■ Work task
The task for the listing below is to write out exactly the lines starting at the one containing "2018 Volkswagen Transporter" and ending at the one containing "2016 Jaguar XJL Portfolio", both included. Pictures are to be omitted.

■ Records shown
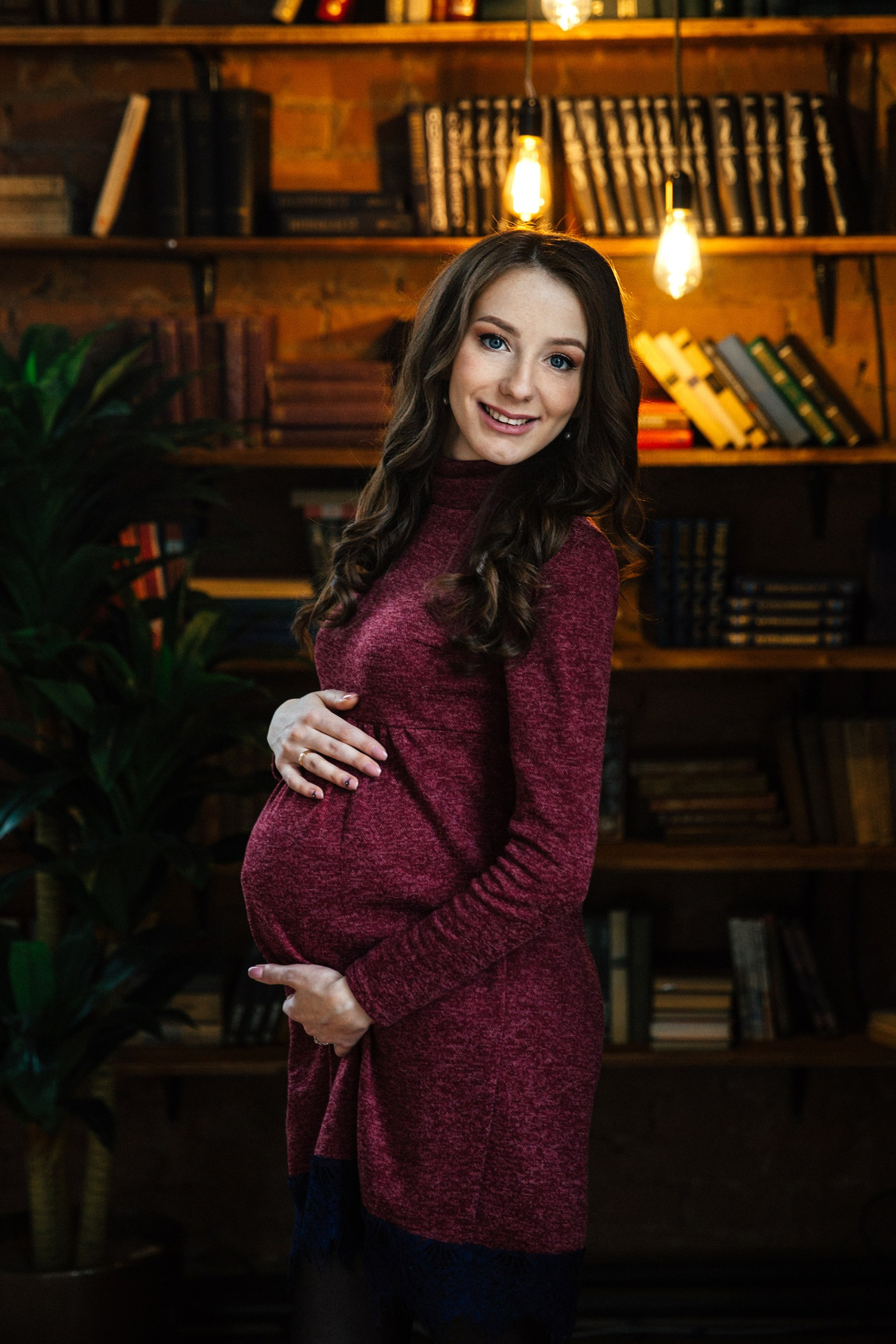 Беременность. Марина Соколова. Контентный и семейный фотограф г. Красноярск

---

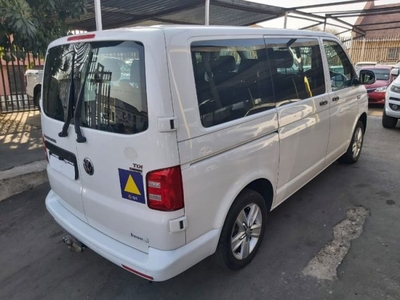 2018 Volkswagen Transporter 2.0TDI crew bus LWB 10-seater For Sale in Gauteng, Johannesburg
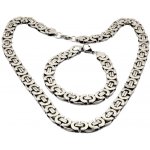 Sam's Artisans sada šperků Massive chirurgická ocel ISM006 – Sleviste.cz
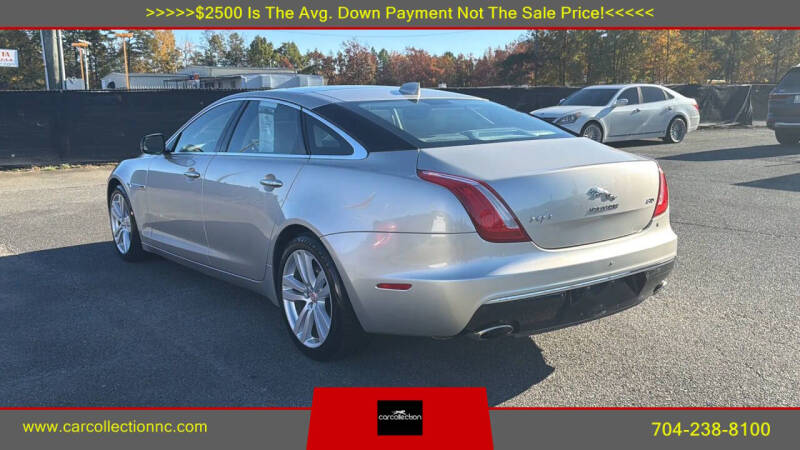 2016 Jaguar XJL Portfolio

* * *

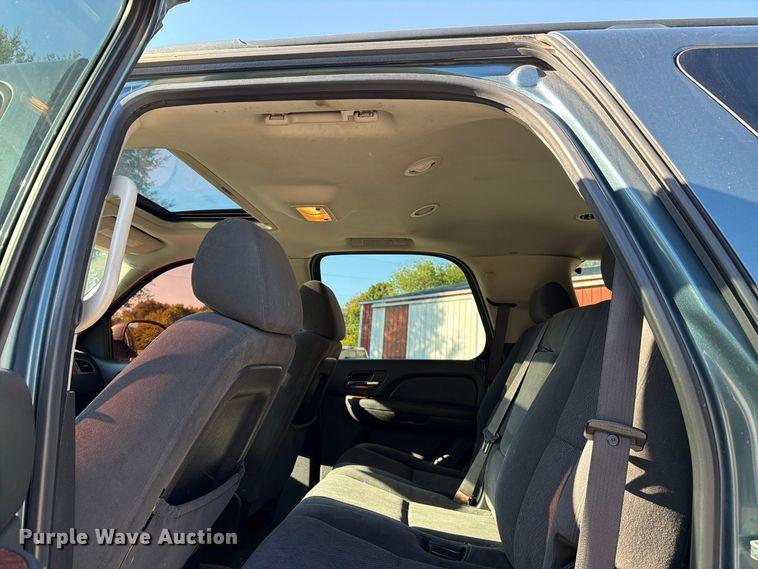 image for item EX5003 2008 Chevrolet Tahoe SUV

■ Result of this exercise
 2018 Volkswagen Transporter 2.0TDI crew bus LWB 10-seater For Sale in Gauteng, Johannesburg
 Sam's Artisans sada šperků Massive chirurgická ocel ISM006 – Sleviste.cz
 2016 Jaguar XJL Portfolio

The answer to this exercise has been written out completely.